Oh Kil-nam

Oh Kil-nam
Oh Kil-nam
Hangul 오길남
Hanja 吳吉男[1]
Revised Romanization O Kil-nam
McCune–Reischauer O Gil-nam

Oh Kil-nam (born 1942) is a retired South Korean economist, who defected to North Korea with his wife Shin Suk-ja and daughters, then left them behind to obtain political asylum in Europe.[2]

Contents

Early life and education

Oh was born in Uiseong, Gyeongsangbuk-do, in the southern half of the Korean peninsula, and then went to Busan for high school. He graduated from Seoul National University in 1970, where he majored in German literature.[1] After his graduation, he went to Germany to pursue graduate education in economics.[3][4] In 1972, he married Shin Suk-ja, a fellow South Korean migrant in Germany; the couple had two children, Oh Hae-won (1976) and Oh Kyu-won (1979).[5] He filed his doctoral dissertation at the University of Bremen in 1985, on the topic of Japanese Marxian economist Nobuo Okishio and the labour theory of value.[6]
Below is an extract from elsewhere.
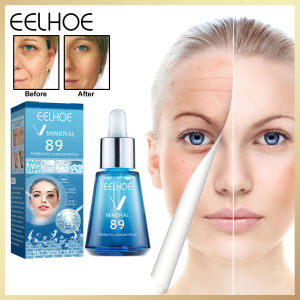 Eelhoe V89 Probiotic Concentrate Anti-Wrinkle Serum Hyaluronic Acid Anti Aging Brightening Cream Facial Lifting Firming Daily Skin Care Mineral Face Serum Probiotic Concenteate Moisturizing Anti-aging Anti-Wrinkle Fine Lines Lift Firm Brighten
Defection to North Korea and back

Oh became involved in political activism against the South Korean government in the early 1980s.[5] He was influenced in this by a number of famous South Korean leftists in Germany, including Song Du-yul and Yun Isang; they later suggested that he could help his motherland by working as an economist in North Korea.[3] His activism also attracted the attention of North Korean government representatives, who further attempted to entice him to defect, claiming that his wife could receive free treatment for her hepatitis in Pyongyang. Over the objections of his wife, Oh took his family to North Korea, arriving on 8 December 1985. Instead of receiving the promised medical treatment, he and his wife were held at a military camp and forced to study the Juche ideology of Kim Il-sung, then employed making propaganda broadcasts to South Korea.[2] While there, he claims to have met South Korean abductees who were also employed making propaganda broadcasts, including two of the flight attendants from the Korean Air Lines YS-11 hijacking.[7]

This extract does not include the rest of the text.